Distilled Reality

I don't like to brag, but I own a lot of video game houses. I'm the owner of five residences in the province of Skyrim alone, and in Albion anything bigger than an anthill has my name on the deed. Some of my many electronic properties were even built with my own two thumbs, like the mansion I designed for my Sims or the low-res countryside villa I constructed in Minecraft (from cobblestone I mined myself).

I still own my 300,000-gil mansion in Costa del Sol, one of the first video game properties I ever bought.

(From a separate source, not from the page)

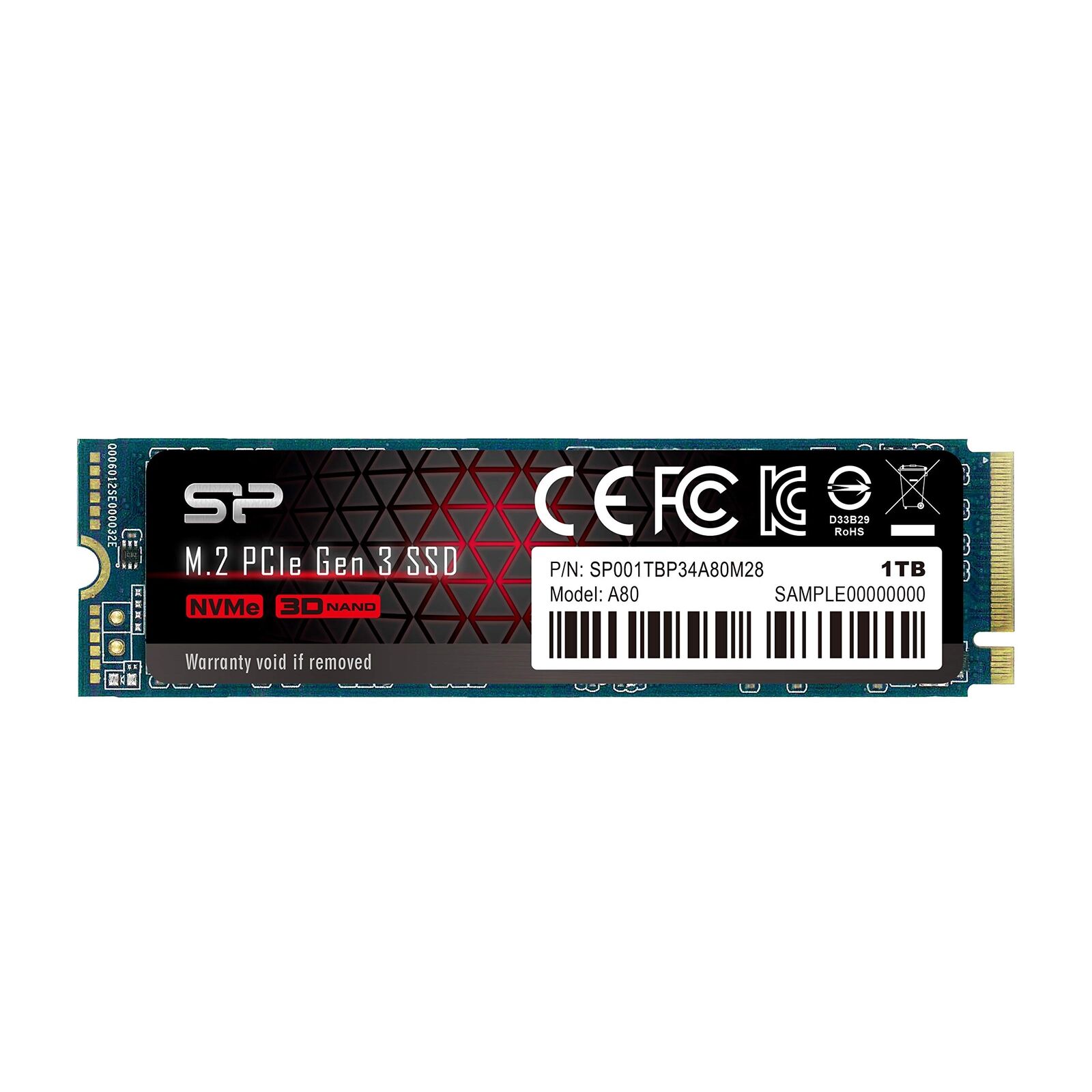 Siliconpow SSD P34A80 1TB, M.2 PCIe Gen3 x4 NVMe, 3200/3000 MB/s SP001TBP34A80M2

Given my depth of experience in the arena of virtual home ownership, I wasn't terribly concerned when (back in the real world) my wife and I recently bought a single-family house for ourselves and our two children. Moving into our new home, however, I quickly realized two things:

  1. We own a lot of crap, and most of it is very heavy to lift.
  2. The countless hours I've spent playing games like The Sims and Minecraft have led me to very seriously misjudge the amount of time, expense, and effort required to establish a suitable residence for oneself and one's family.
Hey, if it can hold up a Honda Civic, then it should be able to keep my cabinets from falling off the wall, right? (Yes, this is really how I fixed my kitchen cabinets.)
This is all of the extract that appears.